La profesional remarcó además que el objetivo del espacio es sostener un frente común frente a lo que consideran una amenaza al modelo de atención vigente. “Entendemos que hay mucho puesto en juego en este momento y mucho puesto en riesgo para pensar qué salud queremos para la provincia y para la Argentina”, afirmó.
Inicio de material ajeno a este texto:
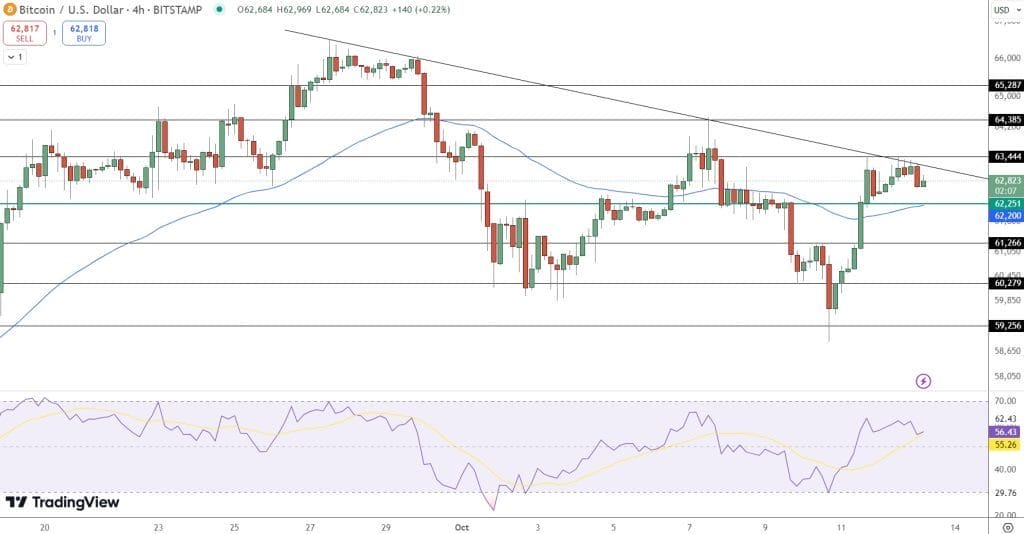 กราฟราคา BTC / USD บน TradingView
Un debate que atraviesa el modelo de atención


Kratje recordó que la actual normativa fue sancionada en 2010 y reglamentada en 2013, y destacó que su implementación permitió avanzar en un cambio de paradigma. Según explicó, el eje central de la ley vigente es la atención comunitaria y la reducción del modelo basado exclusivamente en la internación.


En ese sentido, cuestionó que el proyecto de reforma elimine dispositivos fundamentales previstos en la norma actual. “Nuestra ley plantea dispositivos con base en la comunidad que tienen que ver con vivienda, derecho al trabajo y vida independiente. La modificación lejos de resolver, la empeora”, sostuvo, al tiempo que advirtió que la propuesta oficial “los elimina o debilita”.


También señaló que la discusión no se limita a lo normativo, sino a su implementación concreta. “La dificultad no está en la letra de la ley, sino en cómo implementarla con formación y presupuesto”, expresó, al referirse a las falencias estructurales del sistema de salud mental.


Críticas al enfoque del proyecto oficial


La referente de la asamblea sostuvo que la reforma propuesta implica un retroceso en relación con los avances logrados en la última década. “No queremos decir que es una reforma, sino justamente un retroceso”, afirmó.





En su análisis, advirtió además sobre el debilitamiento del abordaje interdisciplinario. “Se elimina que las estrategias psicofarmacológicas estén enmarcadas en un abordaje interdisciplinario”, explicó, y cuestionó la orientación general del proyecto al señalar que reduce garantías para la atención integral.


Kratje también remarcó que la ley vigente fue clave para superar prácticas históricas de institucionalización prolongada. “Vino a reparar una historia de violencia institucional y a proponer un modelo de atención con base en la comunidad”, subrayó.


El reclamo por el presupuesto en salud mental


Por su parte, Matías Passi, también integrante de la Asamblea de Salud Mental de Entre Ríos, hizo foco en la situación presupuestaria del sector y en la brecha entre lo que establece la ley y lo que efectivamente se ejecuta.




“El presupuesto que prevé la Ley Nacional de Salud Mental es el 10% del presupuesto total de salud destinado a salud mental. Ese presupuesto nunca ha superado el 2%”, explicó. Además, señaló que la mayor parte de esos recursos se concentra en hospitales monovalentes.


En ese sentido, advirtió que el modelo actual sigue sin priorizar la creación de dispositivos comunitarios. “El mayor recurso está puesto sobre los hospitales con internación y no en la necesidad de crear dispositivos sustitutivos en el territorio”, afirmó.

El debate continúa abierto en la provincia, donde organizaciones sociales, profesionales y académicos mantienen su postura de rechazo al proyecto y reclaman una implementación plena de la normativa vigente.